OUR BOOKING-OFFICE.

(By Mr. Punch's Staff of Learned Clerks.)

It was a special duty of the late JOHN F. MACDONALD, who was cut off in his prime after incautiously adding to his journalistic labours in Paris the voluntary and too exacting duties of entertaining the wounded, to emphasize the Entente Cordiale. Ever since KING EDWARD laid the foundation of that understanding between England and France, it was Mr. MACDONALD'S delight as well as his livelihood to study every facet of it, both in Paris and in London, and with unfailing humour and spirit, fortified by swift insight, to present each in turn to his readers. The two best papers in the first volume of the posthumous collection of his writings are those which describe in vivid kindly strokes the triumphant impact of the late KING on the Parisians some fourteen years ago, and the visit, not long after, of five hundred London school-children to the French capital.
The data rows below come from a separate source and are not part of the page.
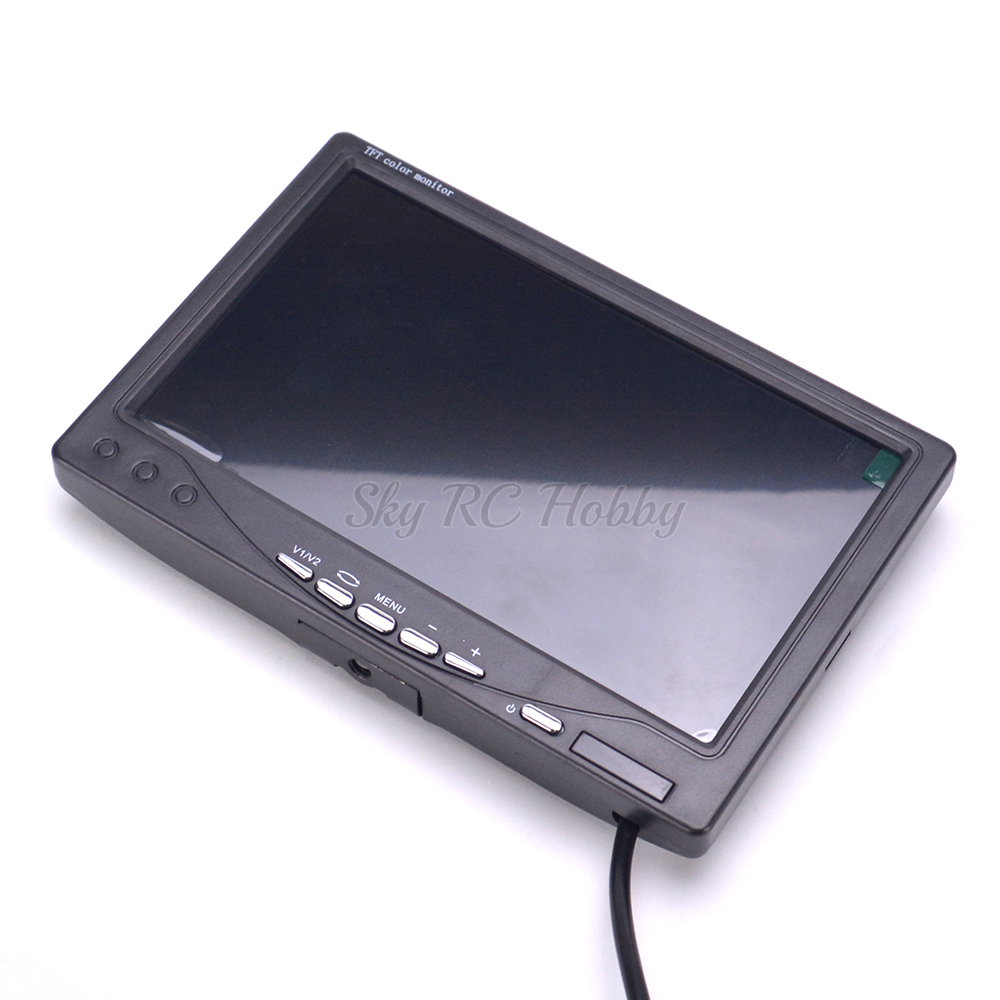 جديد 7 بوصة LCD TFT 1024x600 م - مراجعة Photography Quotes وسعره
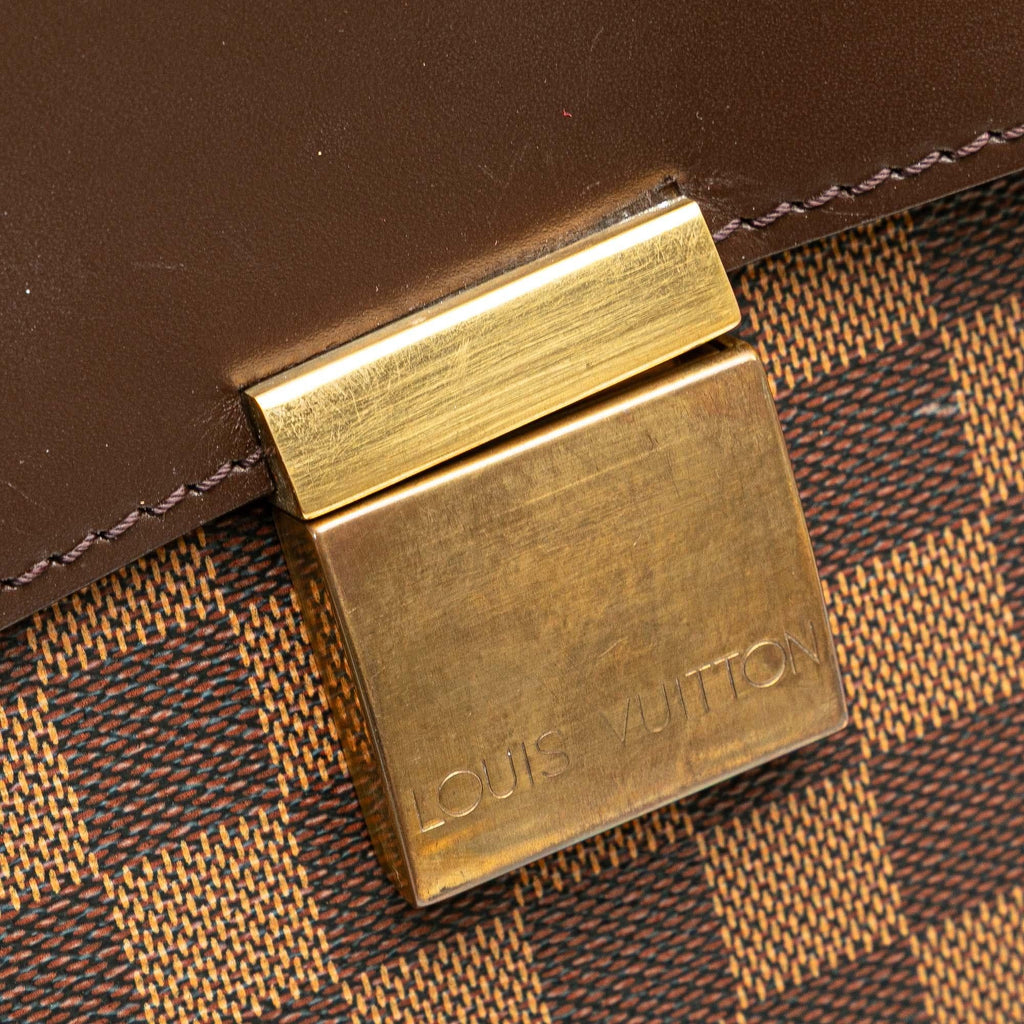 Louis Vuitton Damier Ebene Altona GM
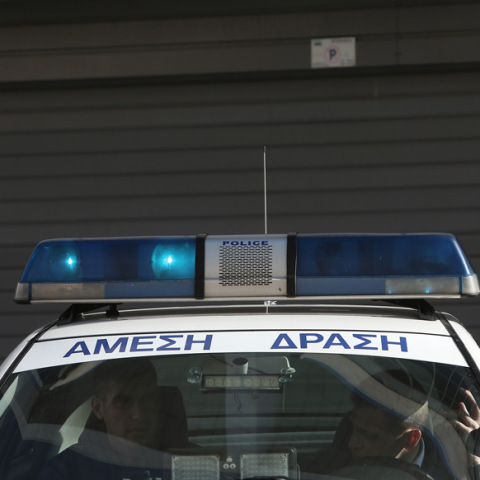 Περιπολικό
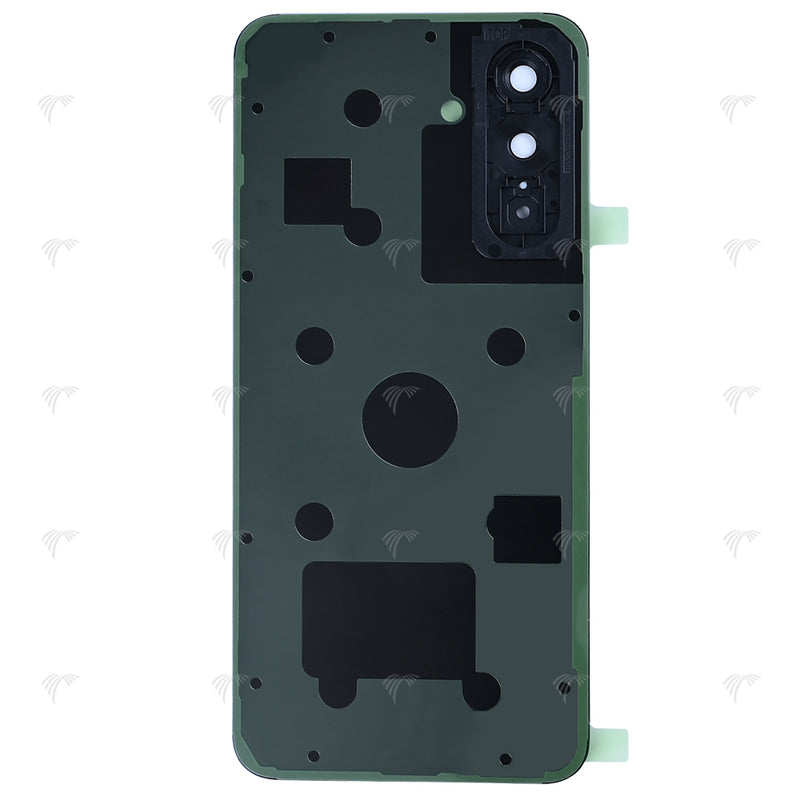Samsung Galaxy A26 A266B Back Cover Black With Lens OEM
Had Mr. MACDONALD been spared to prepare this book himself, there is no doubt that he would have subjected his essays to revision and brought them into a more harmonious whole; but as they stand, gathered together in this volume, Two Towns—One City (GRANT RICHARDS), by the proud hands of his mother, they have charm and vitality and the authenticity of first-hand knowledge and lively sympathy. The War, as we have just been reminded by an impressive memorial service, has made deep gaps in the ranks of English journalists, and the loss of JOHN F. MACDONALD'S quick eyes, happy choice of words, and intensely human apprehensions was far from being the least.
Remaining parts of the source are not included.